To easily tell the difference between fonts, just look at a letter or a few letters of the font in question.

  • Do letters like “A” and “H” look like their legs have feet or extra support?
  • Does the cross atop the letter “T” or the lines coming out of “E” look like they have fangs?
  • Does the letter “G” appear to have a symmetrical table or just half a table?

As you can tell from the above, it’s not a formal process, and can be one that you have fun with in order to enhance your recall of what a sans serif font looks like compared to a serif.

Why the Confusion?

First, there is confusion between serif and sans serif fonts because the meanings of these words aren’t widely known. To the point of this post, most people don’t know the definition of “serif” as explained above. But to compound the issue, people also aren’t familiar with the word “sans” (simply meaning “without).

Second, because “sans serif” is wordier, some probably feel this extra word means the font itself should also include something extra, like the finishing off embellishments that serif fonts feature. In reality, the opposite is true, where the basic term “serif” describes the “extra” typeface and the longer term “sans serif” describes the basic typeface.

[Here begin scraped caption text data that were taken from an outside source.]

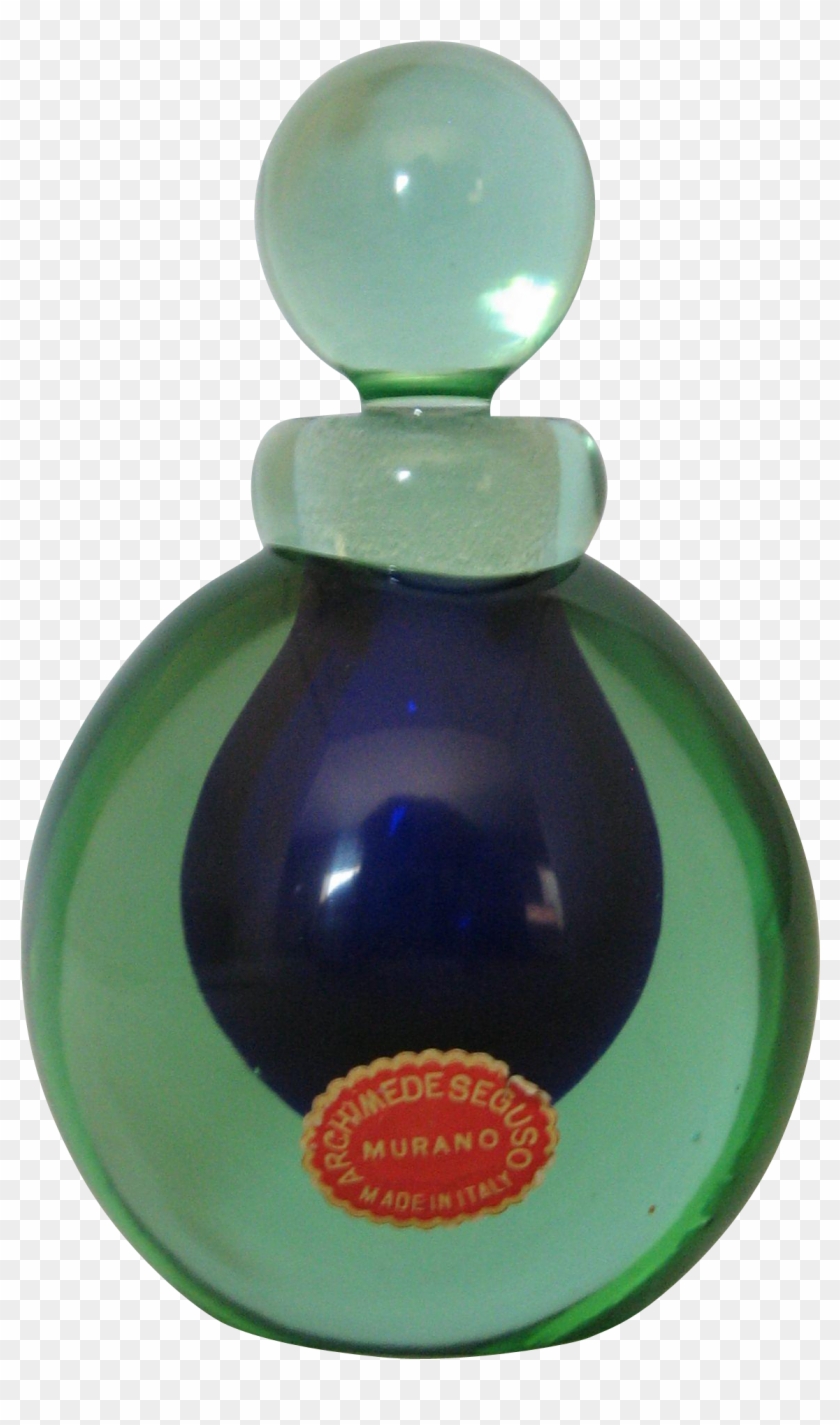 Vintage Cobalt Blue And Green Murano Perfume Bottle - Perfume #1292042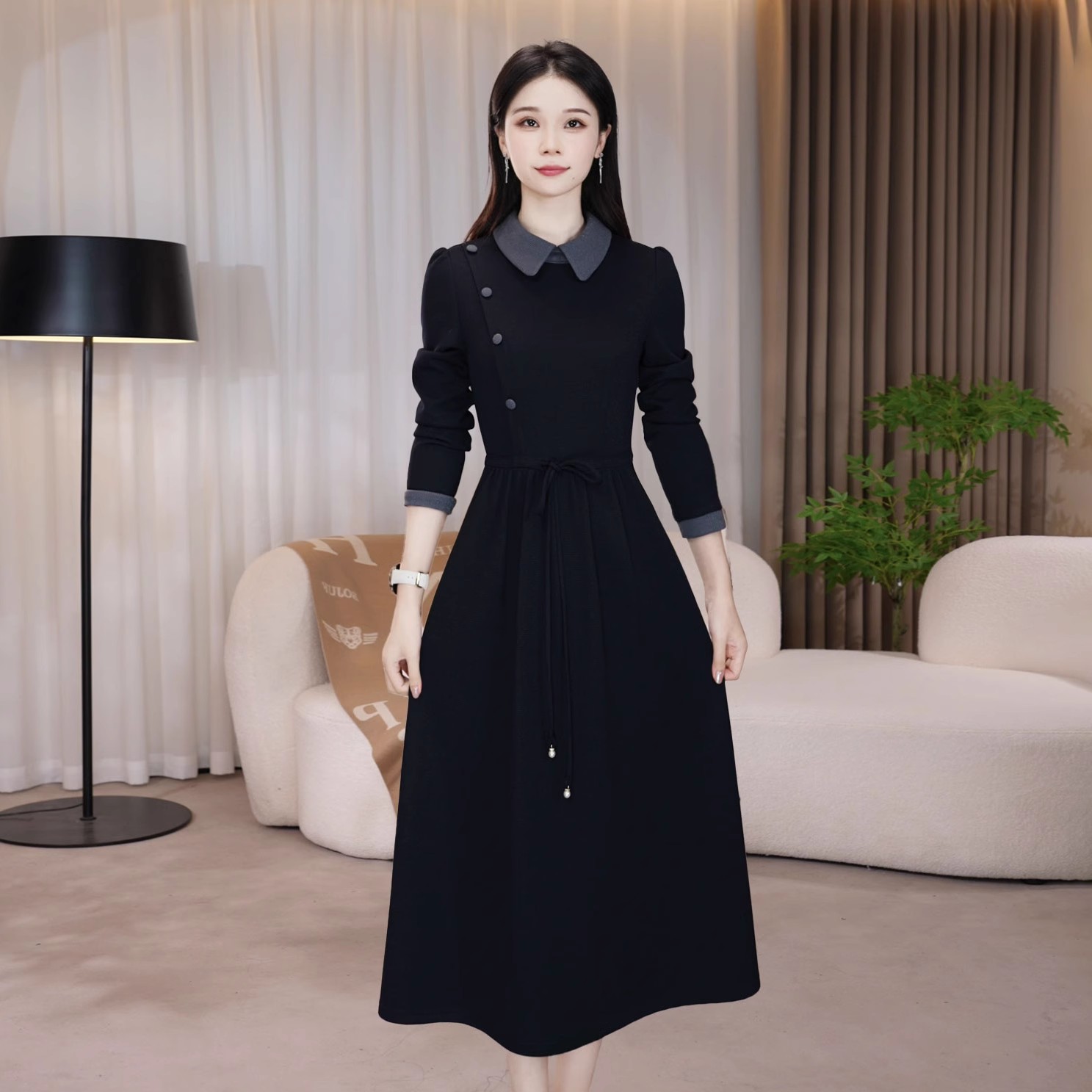 小香风毛呢套装连衣裙2025新款女秋冬十三行爆款轻奢高级感两件套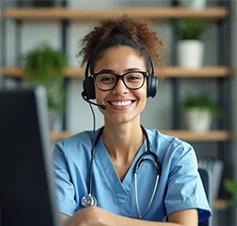 médica, com estetoscópio ao pescoço e headphones, em frente a computador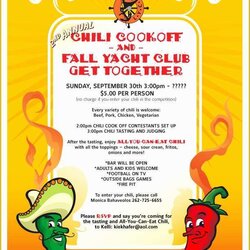 Chili Cook Off Flyer Template Free Flyers Event Of Annual Calendar Lake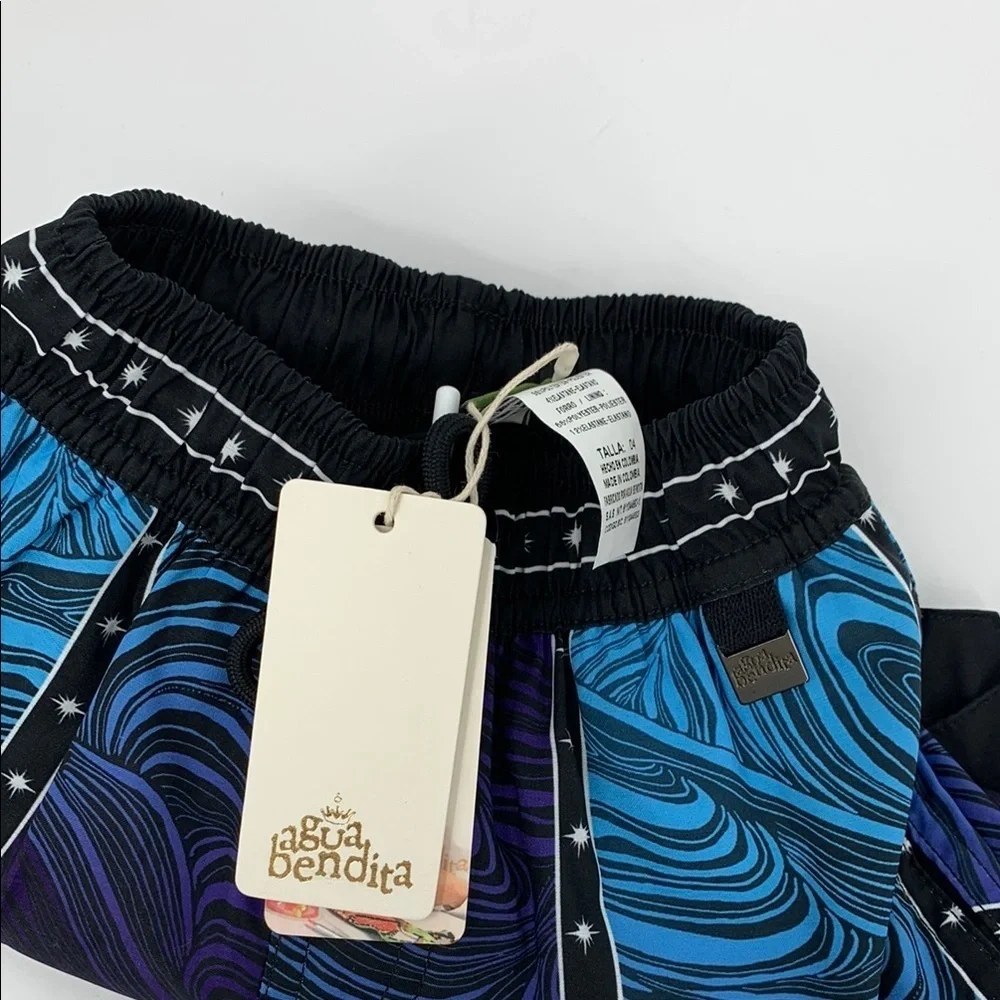 Agua Bendita Luke Eter swim shorts trunks blue purple swirl patch boys new 4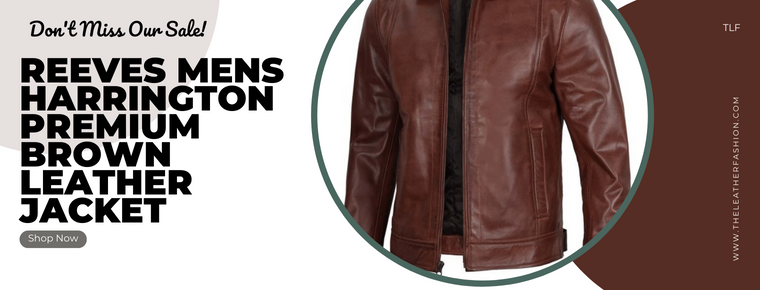 Reeves Mens Harrington Premium Brown Leather Jacket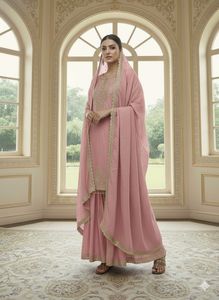 ชุดงานเลี้ยงผ้าไหมชีนอนคุณภาพสูง รุ่น PD1046 พร้อมงานปักเลื่อมขนาด 5 มม. ทั้งเสื้อและกางเกงพลัสโซ่ รวมถึงผ้าคลุมไหล่แบบคัตเวิร์คประดับมุกและหมุด - Product Image 2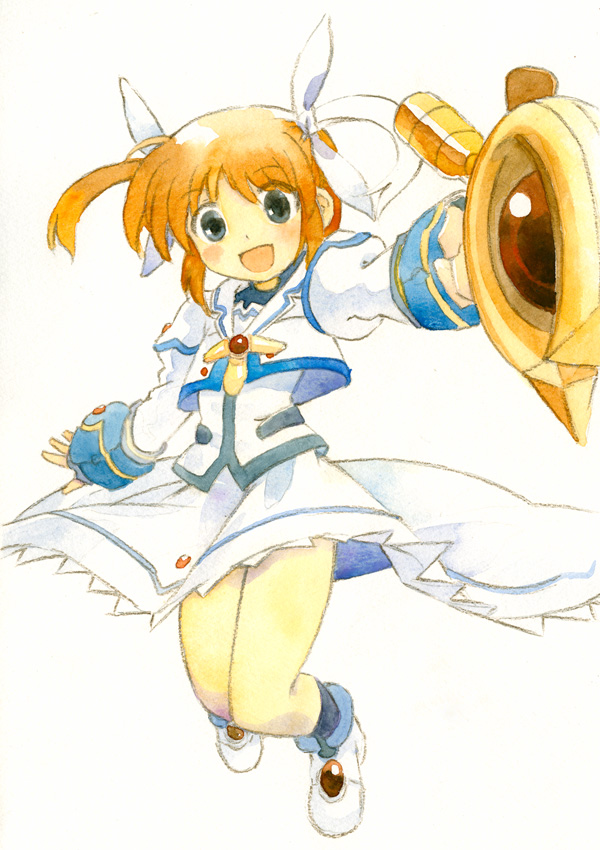 takamachi nanoha and raising heart (lyrical nanoha and 2 more) drawn by kouno_hikaru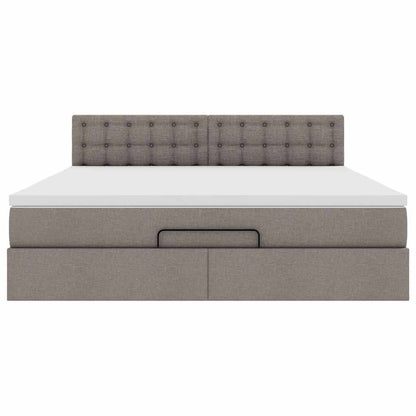 Ottoman bed met matras en LED's 160x200cm stof taupe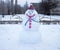 Snow sculpture, snowman in winter in Russia. Human creativity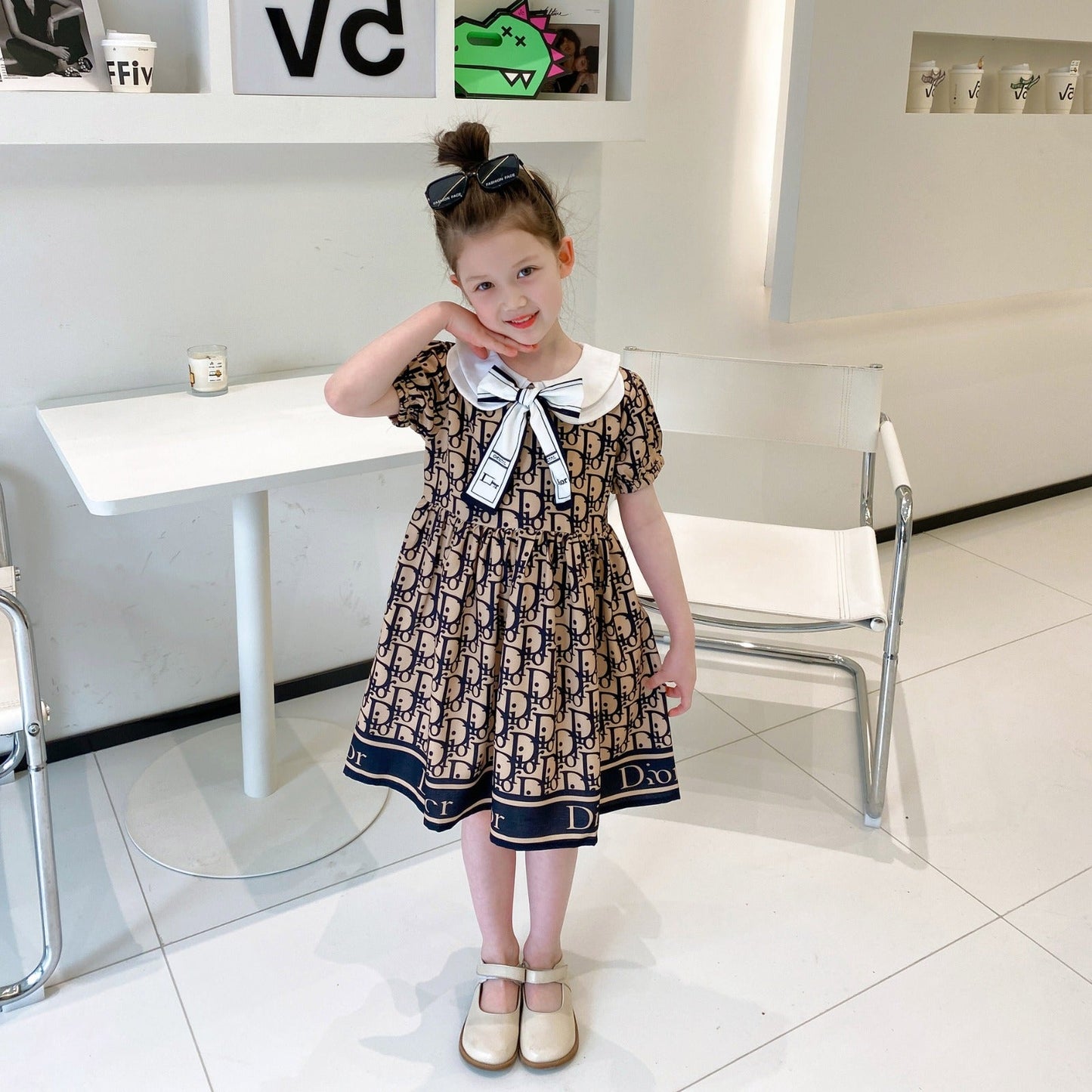 DR Vestido infantil con lazo y cuello
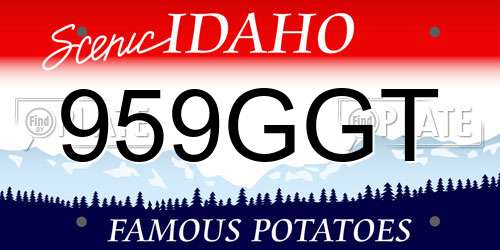 959GGT Idaho License Plate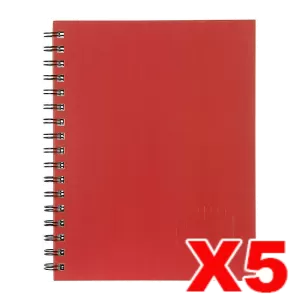 Spirax 511 Hard Cover Notebook A5 200 Page Red 5 Pack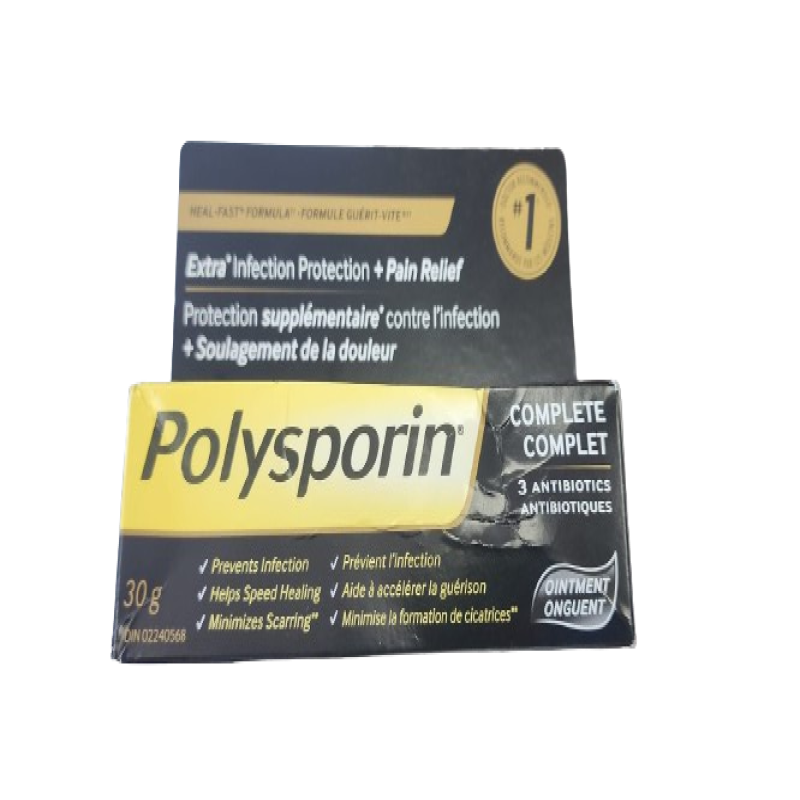 Sale - Polysporin Complete Ointment + 3 Antibiotics - 30 g - *Damage Box* Exp: 08/27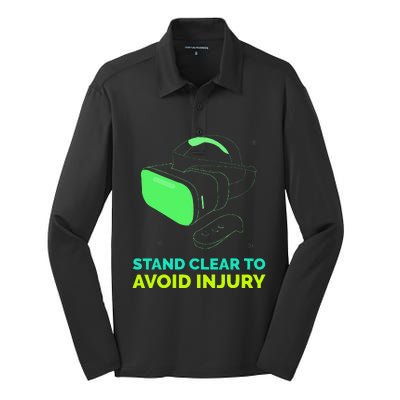 Funny Virtual Reality Hazard VR Stay Clear To Avoid Injury Silk Touch Performance Long Sleeve Polo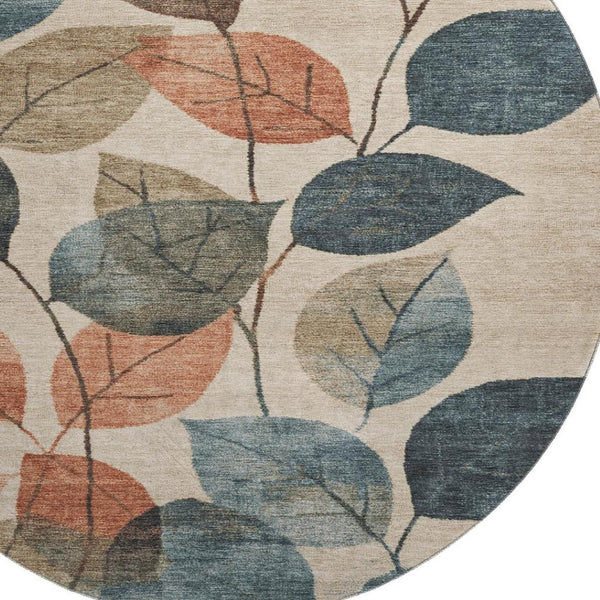 HomeRoots 8' X 10' Washable Beige Copper Denim Blue Floral Area Rug with UV Protection for High-Traffic Homes 709256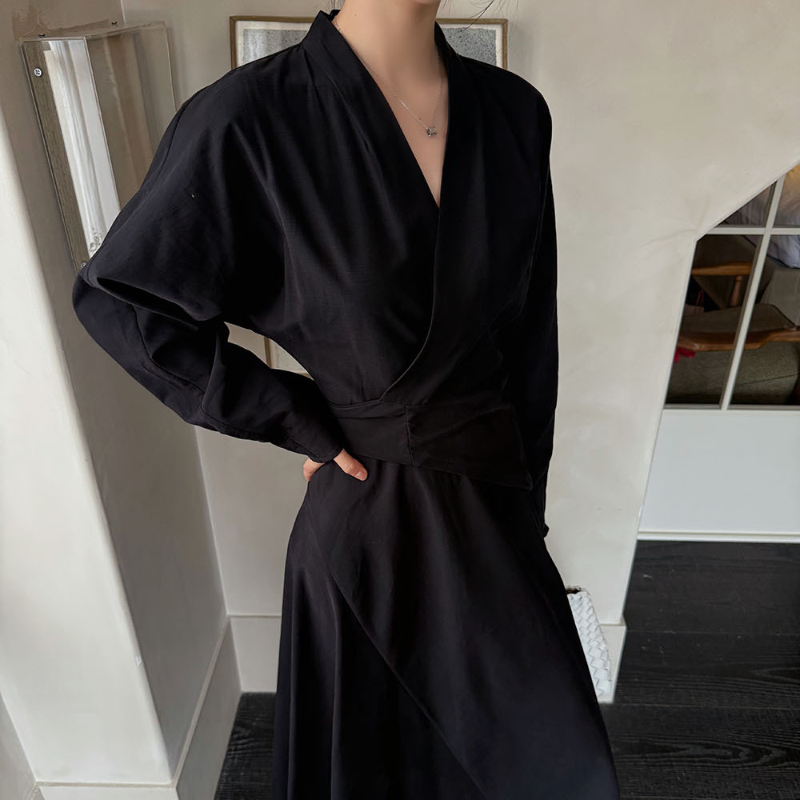 カシュクールバックリボンワンピース(2colors)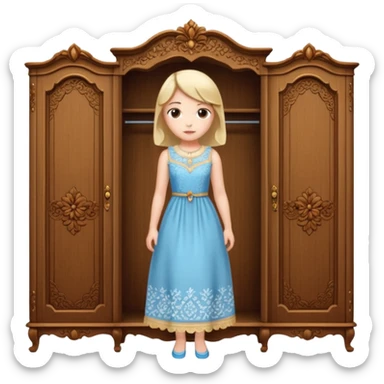 the lady who was turned into a wardrobe by magic, a character from the fairy tale Beauty and the Beast sticker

You see the same thing happen with “fiction” and “non-fiction” to a degree. The word “non” is similar to “not,” and we describe things as being “not true,” it’s easy to get caught up with thinking that “non fiction” means “not true” or “not real.” But, because the definition of “fiction” already is “imaginary” we cancel that out with “non” in order to arrive at “non-fiction” being based on real facts or events.